Agak sedikit mundur ke belakang, anjab bukan dokumen tapi proses yang teknisnya dituangkan menjadi penyusunan dokumen. Jadi, tidak bisa ditanyakan "mana anjab kamu?". Yang bisa ditanyakan adalah "mana dokumen hasil penyusunan anjab kamu?"
Hal paling laten dalam penyusunan anjab adalah terkait dengan uraian tugas. Komponen apapun dalam dokumen anjab tidak rumit untuk disusun. Giliran menyusun uraian tugas mulailah perdebatan terjadi. [Baca juga: Organisasi-pekerjaan-mana-lebih-dulu?]

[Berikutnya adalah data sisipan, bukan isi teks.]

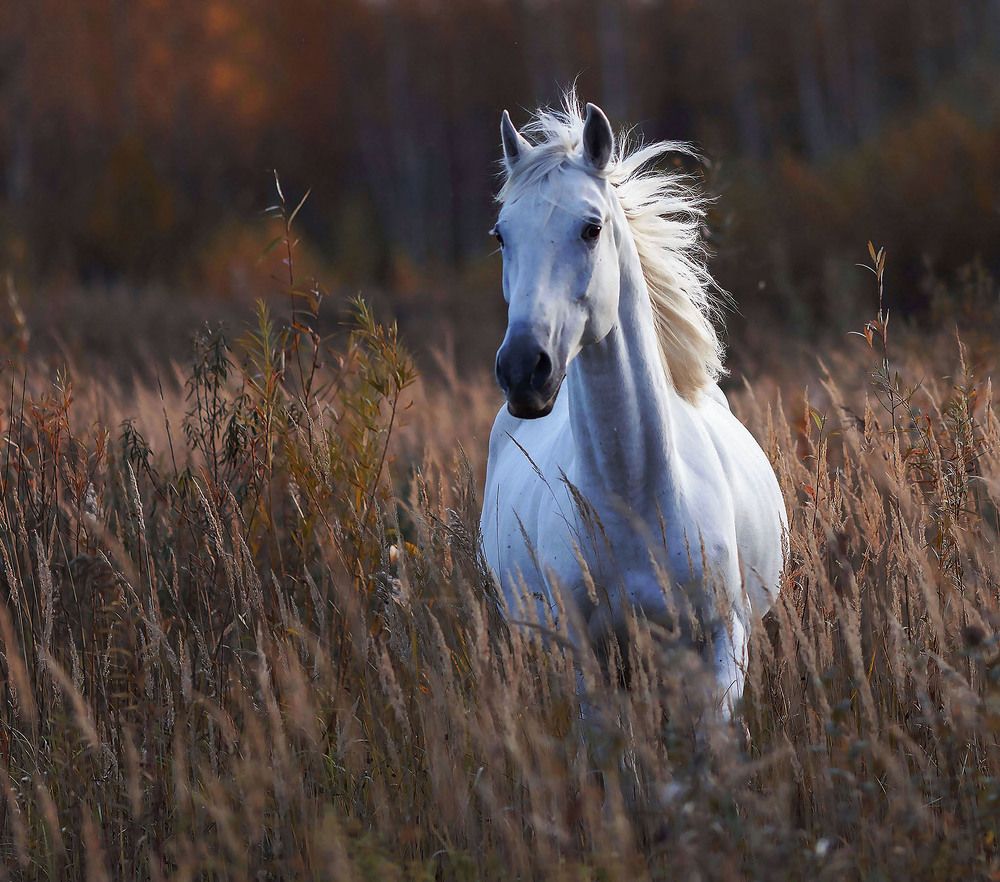 Белогривый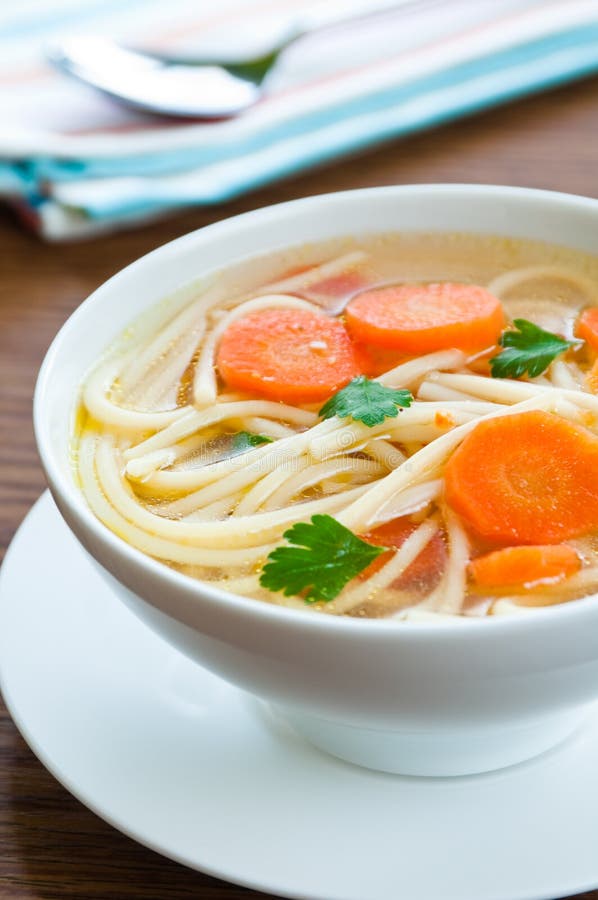 Goose noodle soup stock photo. Image of meal, tasty, homemade 46678944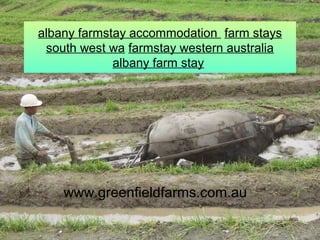 albany farmstay accommodation farm stays
south west wa farmstay western australia
albany farm stay
www.greenfieldfarms.com.au
 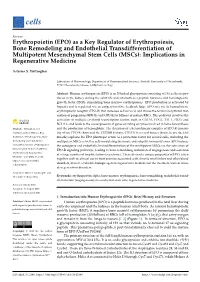 As a Key Regulator of Erythropoiesis, Bone Remodeling and Endothelial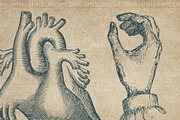 50 Procreate Anatomy Stamps, a Brush Add-On by Endete & Mazak brushes (Thumbnail 7 of 7)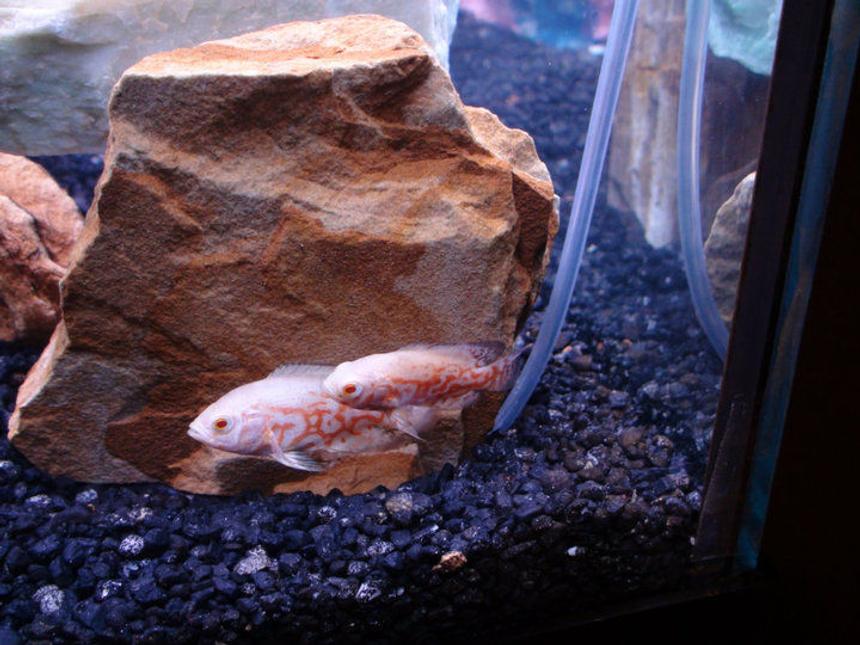 Rated #92: Freshwater Fish - Astronotus Ocellatus - Albino Oscar Stocking In 72 Gallons Tank - 2 Inch Oscars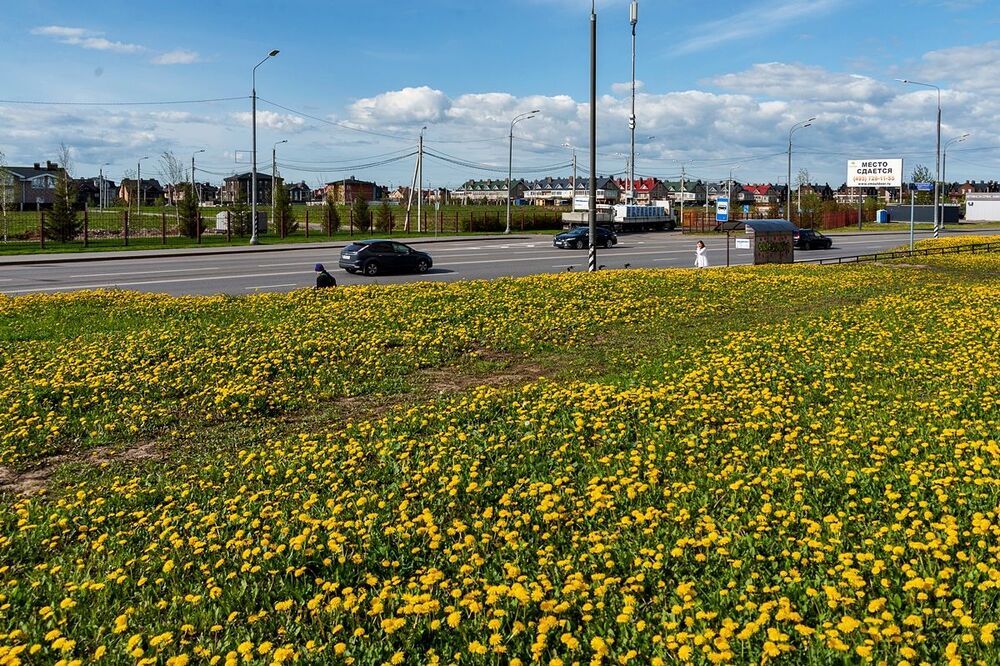 Городские одуванчики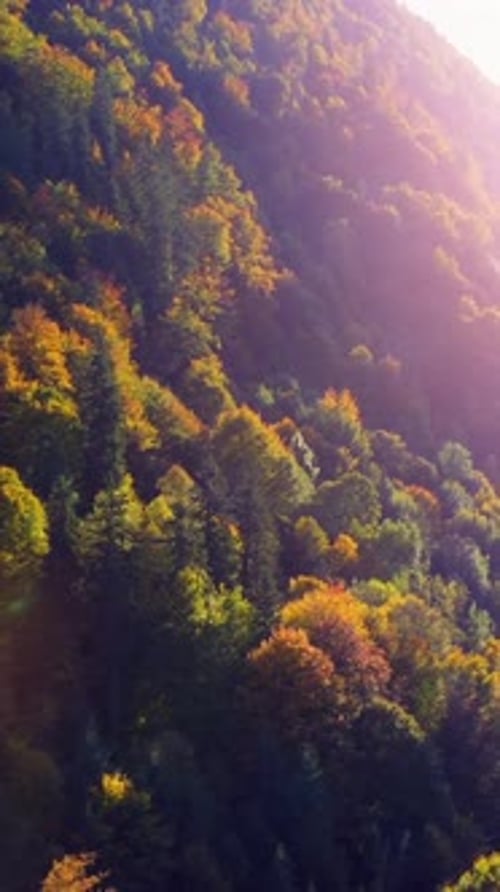 Uma paisagem florestal de outono deslumbrante e colorida com folhagem vibrante na natureza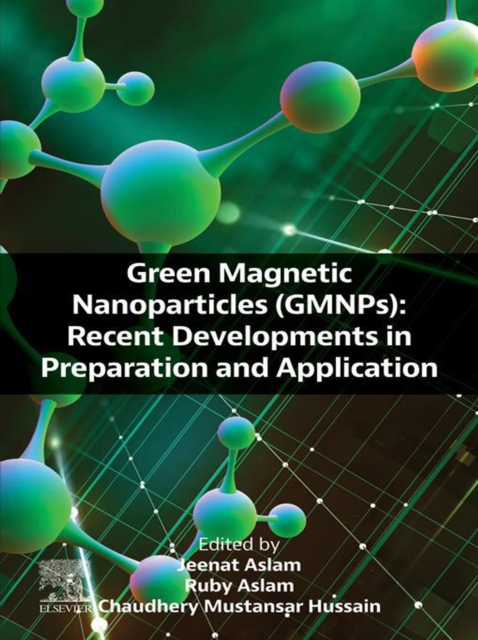 Green Magnetic Nanoparticles (GMNPs) : Recent Developments in Preparation and Application, EPUB eBook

Namun yang menarik untuk digarisbawahi disini adalah sessi penyusunan uraian tugas dalam proses anjab acapkali disimplifikasi menjadi penulisan seluruh pekerjaan jabatan yang kemudian "ditata" dengan pencantuman kata kerja operasional.
Bimbingan teknis penyusunan analisis jabatan, gara-gara membahas uraian tugas, tiba-tiba berubah wujud menjadi "workshop bahasa Indonesia" yang alur diskusinya memperdebatkan tentang diksi (pilihan kata), bukan tentang kewenangan jabatan.
Tentu saja keadaan seperti itu sudah keluar dari track awal penyusunan anjab. Karena memperdebatkan pilihan kata yang tercerabut dari pendalaman tentang batasan kewenangan hanya akan mengarahkan pada penyusunan dokumen anjab menjadi sekedar formalitas belaka.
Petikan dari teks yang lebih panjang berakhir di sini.